The required answer is an exact copy of every line from the beginning of the entries through the line with "view of front", with all pictures omitted.

Stored data entries
-*-*-

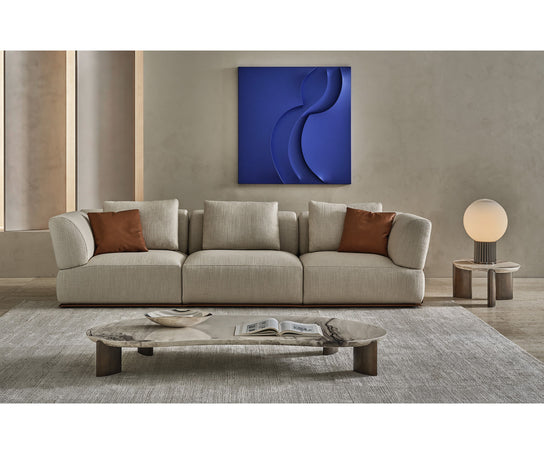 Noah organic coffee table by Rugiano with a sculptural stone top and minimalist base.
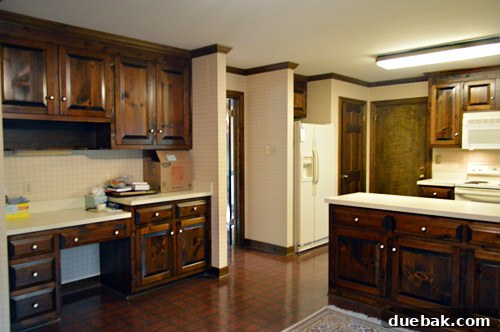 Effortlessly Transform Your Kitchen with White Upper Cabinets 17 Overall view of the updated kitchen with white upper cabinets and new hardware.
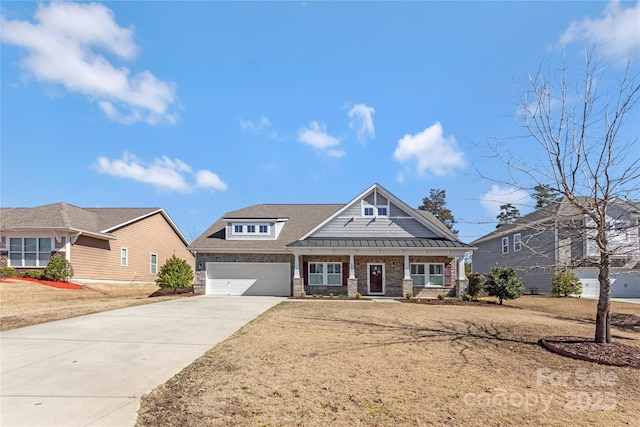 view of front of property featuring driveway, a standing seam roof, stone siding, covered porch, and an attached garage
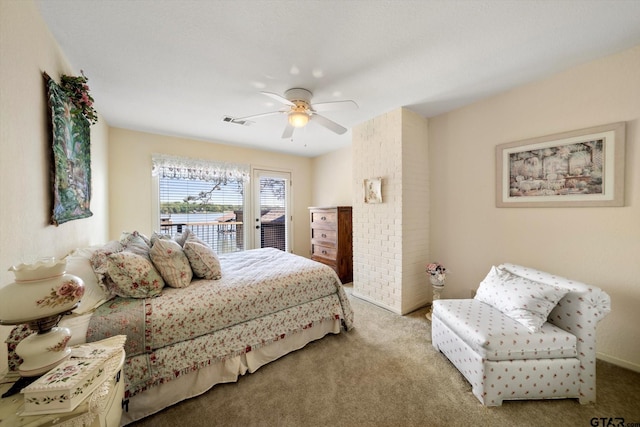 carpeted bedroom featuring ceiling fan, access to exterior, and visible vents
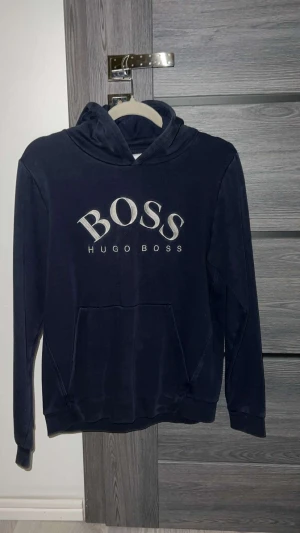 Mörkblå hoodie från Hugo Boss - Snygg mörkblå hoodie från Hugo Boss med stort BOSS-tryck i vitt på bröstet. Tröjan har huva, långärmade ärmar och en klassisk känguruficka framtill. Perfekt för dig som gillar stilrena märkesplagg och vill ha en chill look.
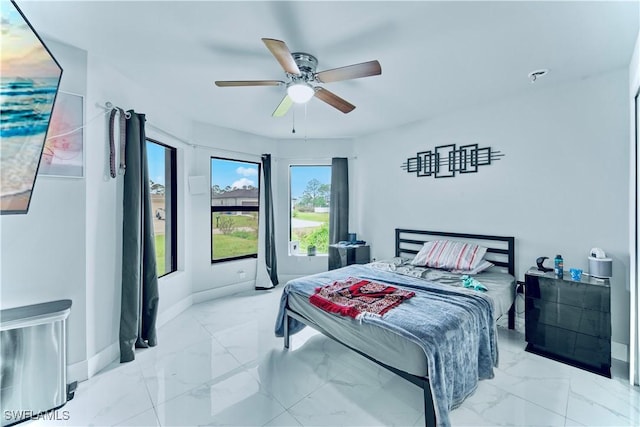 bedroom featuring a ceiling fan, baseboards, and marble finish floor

-*-*-

TASK ANSWER
 Noah organic coffee table by Rugiano with a sculptural stone top and minimalist base.
 Effortlessly Transform Your Kitchen with White Upper Cabinets 17 Overall view of the updated kitchen with white upper cabinets and new hardware.
 view of front of property featuring driveway, a standing seam roof, stone siding, covered porch, and an attached garage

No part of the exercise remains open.